Tristan Harris and Aza Raskin, two co-founders of the Center for Humane Technology, insist that they are not adamantly opposed to all new technologies. Instead, they claim, we as a society have developed (and/or submitted to) uses of new technologies that make it difficult for all of us to live meaningful lives. Why, they ask, should we assume that our initial ways to implement new tools are the only or even the best way in which these tools can be implemented? I think that’s a very good question. Why is it so hard for us to change course?

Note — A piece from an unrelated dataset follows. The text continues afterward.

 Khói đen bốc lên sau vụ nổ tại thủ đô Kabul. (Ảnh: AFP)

In some cases, particular technologies and larger technological infrastructure have developed to the point that it’s very difficult and/or expensive to change course. Such difficulties present challenges on the individual level and on the systemic level. Over the past century or so – at least since World War II – transportation systems and other life infrastructures in much of the United States have become extremely car-centric. Some of us are now convinced that this development was a mistake in all sorts of ways and for all sorts of reasons, and we hope that others will come to this conclusion sooner rather than later. We gave up our car four years ago when we moved downtown, and now enjoy living in a neighborhood that allows us to walk or bicycle pretty much any where we need to go. And if we want to go farther, there’s a subway system (faltering, but still usually better than nothing), bus lines (not always convenient, but usually better than nothing), and commuter rail (not always dependable but usually better than nothing). As those “usually, better than nothing” phrases indicate, there are challenges to the individual. There are times when we feel somewhat hampered in what we want to do, and even the occasional moment when we wish that we still had a car.

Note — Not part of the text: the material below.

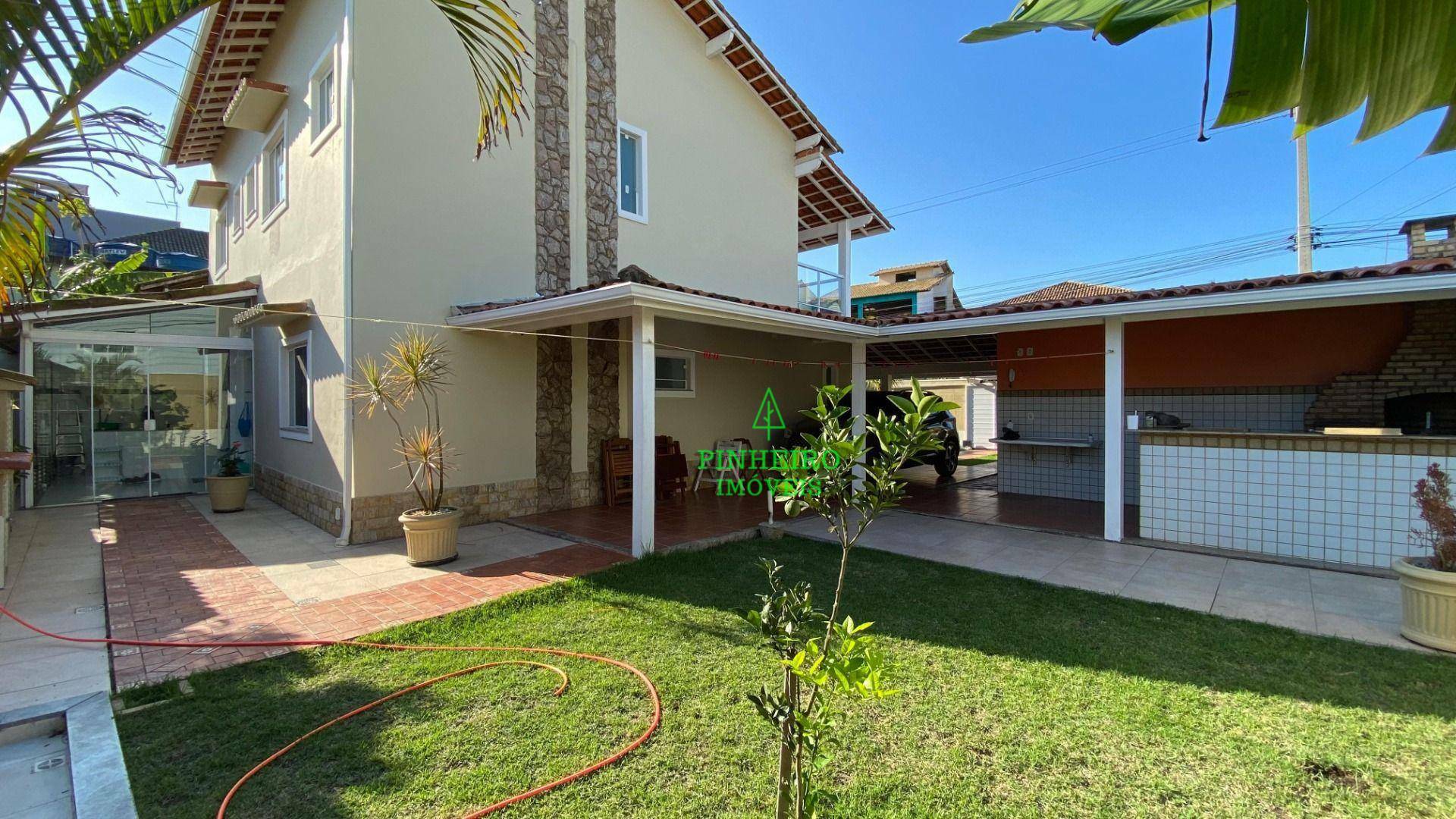 Casa à venda com 4 quartos, 300m² - Foto 3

The challenges are worse on the systemic level – so much of our lives is complicated, not only by the heavy reliance on the automobile, but also by the assumption that everyone necessarily relies on the automobile. See the recent book Paved Paradise: How Parking Explains the World, by Henry Grabar. Or if you’re not up to that, look at almost any suburban or extra-urban neighborhood, which are set up so that getting anywhere safely requires that one get in a car.

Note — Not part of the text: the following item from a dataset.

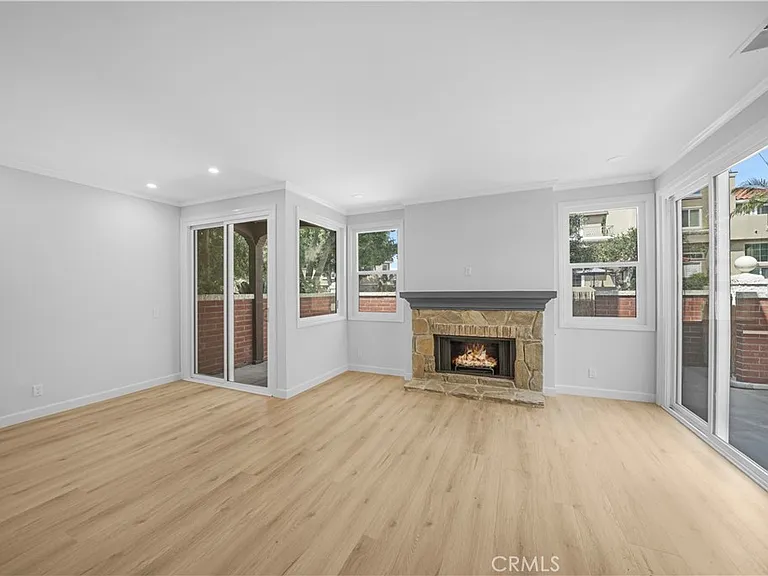 6082 Eaglecrest Dr — Photo 19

The point here is that deciding that we need to change course requires not only somehow stepping out of the cultural framework imposed by the physical infrastructure but also finding the resources to undo so much of that infrastructure.
And that has me thinking that the financial cost of making these changes isn’t the biggest challenge we face. We also need to find ways to step outside our current structures to see the possibility that we might do things differently.
Jane Jacob’s book The Death and Life of Great American Cities has been sitting on my bookshelf for decades. I’ve been wanting to read it for longer than that. I finally read it this year, and she helps me to see so many ways in which our neighborhood’s have been misshaped, in part (but not only) by our reliance on the automobile. Writing in the 1960s, she admitted even then that it would be costly to change, and that we wouldn’t be changing anything overnight. But she suggested some very concrete strategies that would help us if we decide to make that change. She managed somehow to step outside her little neighborhood and the surrounding community in a way that allowed her to see just how it functioned, and how it and other neighborhoods might function differently.
Much of what Jacob said is echoed in the current call for 15-minute cities. Of course, even suggesting such a thing is seen by many as radically controversial, and many will find reason to protest. And those who protest will find many others there with them. Changing course on these things is unsettling.
I, for one, think it’s long past time for us to change course here.